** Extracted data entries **

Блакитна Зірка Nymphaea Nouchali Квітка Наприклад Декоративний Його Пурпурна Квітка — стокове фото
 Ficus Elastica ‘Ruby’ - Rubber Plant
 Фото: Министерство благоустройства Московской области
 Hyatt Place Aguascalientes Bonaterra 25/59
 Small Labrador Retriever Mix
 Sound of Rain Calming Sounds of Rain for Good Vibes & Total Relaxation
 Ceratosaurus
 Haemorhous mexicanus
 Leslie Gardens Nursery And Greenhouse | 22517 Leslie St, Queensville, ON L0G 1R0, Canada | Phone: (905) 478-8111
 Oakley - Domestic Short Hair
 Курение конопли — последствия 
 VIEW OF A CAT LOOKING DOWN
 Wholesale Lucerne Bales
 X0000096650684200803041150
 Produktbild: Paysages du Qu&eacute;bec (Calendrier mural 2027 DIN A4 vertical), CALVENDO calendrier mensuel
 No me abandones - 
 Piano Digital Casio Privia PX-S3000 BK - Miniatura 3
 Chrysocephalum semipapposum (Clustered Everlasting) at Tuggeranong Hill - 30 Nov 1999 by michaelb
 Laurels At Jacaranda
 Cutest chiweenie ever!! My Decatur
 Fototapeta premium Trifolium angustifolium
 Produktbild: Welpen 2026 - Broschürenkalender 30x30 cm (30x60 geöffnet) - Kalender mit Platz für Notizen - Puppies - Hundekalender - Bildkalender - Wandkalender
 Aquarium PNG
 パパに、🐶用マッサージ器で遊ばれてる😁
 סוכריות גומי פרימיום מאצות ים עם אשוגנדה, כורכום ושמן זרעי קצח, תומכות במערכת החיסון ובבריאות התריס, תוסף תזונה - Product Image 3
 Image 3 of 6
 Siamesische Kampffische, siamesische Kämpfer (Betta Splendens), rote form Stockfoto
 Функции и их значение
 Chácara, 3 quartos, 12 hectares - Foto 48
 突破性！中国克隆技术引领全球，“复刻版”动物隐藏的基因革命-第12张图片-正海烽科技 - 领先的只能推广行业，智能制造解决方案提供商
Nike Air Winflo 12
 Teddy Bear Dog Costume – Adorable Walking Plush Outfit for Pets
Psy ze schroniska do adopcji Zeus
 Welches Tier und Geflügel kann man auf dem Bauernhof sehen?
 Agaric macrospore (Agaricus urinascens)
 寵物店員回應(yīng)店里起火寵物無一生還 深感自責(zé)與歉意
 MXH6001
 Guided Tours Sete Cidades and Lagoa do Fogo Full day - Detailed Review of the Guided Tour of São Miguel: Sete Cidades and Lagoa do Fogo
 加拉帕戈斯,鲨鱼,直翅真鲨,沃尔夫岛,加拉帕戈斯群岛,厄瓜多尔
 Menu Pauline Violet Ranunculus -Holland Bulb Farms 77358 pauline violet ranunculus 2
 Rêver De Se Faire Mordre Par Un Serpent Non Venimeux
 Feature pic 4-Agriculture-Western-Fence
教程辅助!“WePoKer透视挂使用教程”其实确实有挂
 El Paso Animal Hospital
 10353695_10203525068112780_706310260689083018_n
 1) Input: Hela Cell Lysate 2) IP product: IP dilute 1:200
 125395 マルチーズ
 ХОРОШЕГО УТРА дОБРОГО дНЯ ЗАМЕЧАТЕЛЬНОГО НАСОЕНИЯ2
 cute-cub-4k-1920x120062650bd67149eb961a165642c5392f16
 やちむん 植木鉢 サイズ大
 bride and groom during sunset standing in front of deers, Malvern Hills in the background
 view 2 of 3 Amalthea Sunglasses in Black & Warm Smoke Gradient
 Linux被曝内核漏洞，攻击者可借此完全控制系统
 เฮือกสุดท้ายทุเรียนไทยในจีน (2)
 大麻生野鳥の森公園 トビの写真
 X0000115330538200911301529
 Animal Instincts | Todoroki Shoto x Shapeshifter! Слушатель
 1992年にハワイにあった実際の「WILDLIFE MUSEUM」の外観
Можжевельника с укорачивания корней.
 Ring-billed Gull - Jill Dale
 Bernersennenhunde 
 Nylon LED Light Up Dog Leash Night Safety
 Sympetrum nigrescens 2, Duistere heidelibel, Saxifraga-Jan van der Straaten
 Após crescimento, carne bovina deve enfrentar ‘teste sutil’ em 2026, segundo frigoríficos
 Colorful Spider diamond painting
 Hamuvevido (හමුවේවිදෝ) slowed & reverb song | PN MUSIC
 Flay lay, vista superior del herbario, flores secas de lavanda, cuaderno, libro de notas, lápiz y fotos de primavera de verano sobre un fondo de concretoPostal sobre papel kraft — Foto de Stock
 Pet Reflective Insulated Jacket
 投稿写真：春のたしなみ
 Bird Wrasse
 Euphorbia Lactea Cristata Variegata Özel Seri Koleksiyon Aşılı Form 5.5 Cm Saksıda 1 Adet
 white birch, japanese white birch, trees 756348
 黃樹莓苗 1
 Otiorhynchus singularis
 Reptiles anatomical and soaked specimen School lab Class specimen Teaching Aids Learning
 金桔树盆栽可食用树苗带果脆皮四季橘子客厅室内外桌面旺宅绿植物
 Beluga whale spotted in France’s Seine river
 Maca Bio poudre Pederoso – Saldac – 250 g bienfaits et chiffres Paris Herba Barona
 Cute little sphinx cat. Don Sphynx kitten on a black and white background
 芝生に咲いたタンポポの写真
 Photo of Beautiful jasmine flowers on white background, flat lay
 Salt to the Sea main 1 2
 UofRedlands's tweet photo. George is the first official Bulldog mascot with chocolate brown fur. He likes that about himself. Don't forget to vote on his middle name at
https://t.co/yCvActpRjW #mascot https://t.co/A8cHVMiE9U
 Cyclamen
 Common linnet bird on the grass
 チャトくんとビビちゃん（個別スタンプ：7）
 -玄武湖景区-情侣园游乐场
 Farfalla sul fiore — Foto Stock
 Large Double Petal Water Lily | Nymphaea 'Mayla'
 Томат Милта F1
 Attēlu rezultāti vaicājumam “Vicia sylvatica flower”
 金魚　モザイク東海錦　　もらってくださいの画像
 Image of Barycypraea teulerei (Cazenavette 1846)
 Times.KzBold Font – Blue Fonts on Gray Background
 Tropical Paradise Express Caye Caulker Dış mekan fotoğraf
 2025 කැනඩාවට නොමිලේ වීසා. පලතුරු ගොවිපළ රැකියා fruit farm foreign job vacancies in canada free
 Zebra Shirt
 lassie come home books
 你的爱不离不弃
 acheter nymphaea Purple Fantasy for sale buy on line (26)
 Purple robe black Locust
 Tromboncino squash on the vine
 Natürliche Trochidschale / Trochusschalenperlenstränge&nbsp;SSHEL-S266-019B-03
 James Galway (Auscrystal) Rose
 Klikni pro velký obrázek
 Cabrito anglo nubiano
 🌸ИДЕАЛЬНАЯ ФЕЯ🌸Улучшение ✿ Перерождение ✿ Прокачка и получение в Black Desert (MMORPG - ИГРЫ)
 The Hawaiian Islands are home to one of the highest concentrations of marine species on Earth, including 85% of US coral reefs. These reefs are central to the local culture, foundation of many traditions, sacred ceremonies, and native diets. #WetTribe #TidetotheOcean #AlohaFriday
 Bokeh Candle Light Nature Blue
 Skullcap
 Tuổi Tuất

** WHAT YOU ARE ASKED TO DO **
Find the lines in the records that contain the word "Produktbild", then copy every one of them.

** RESPONSE TO THE TASK **
 Produktbild: Paysages du Qu&eacute;bec (Calendrier mural 2027 DIN A4 vertical), CALVENDO calendrier mensuel
 Produktbild: Welpen 2026 - Broschürenkalender 30x30 cm (30x60 geöffnet) - Kalender mit Platz für Notizen - Puppies - Hundekalender - Bildkalender - Wandkalender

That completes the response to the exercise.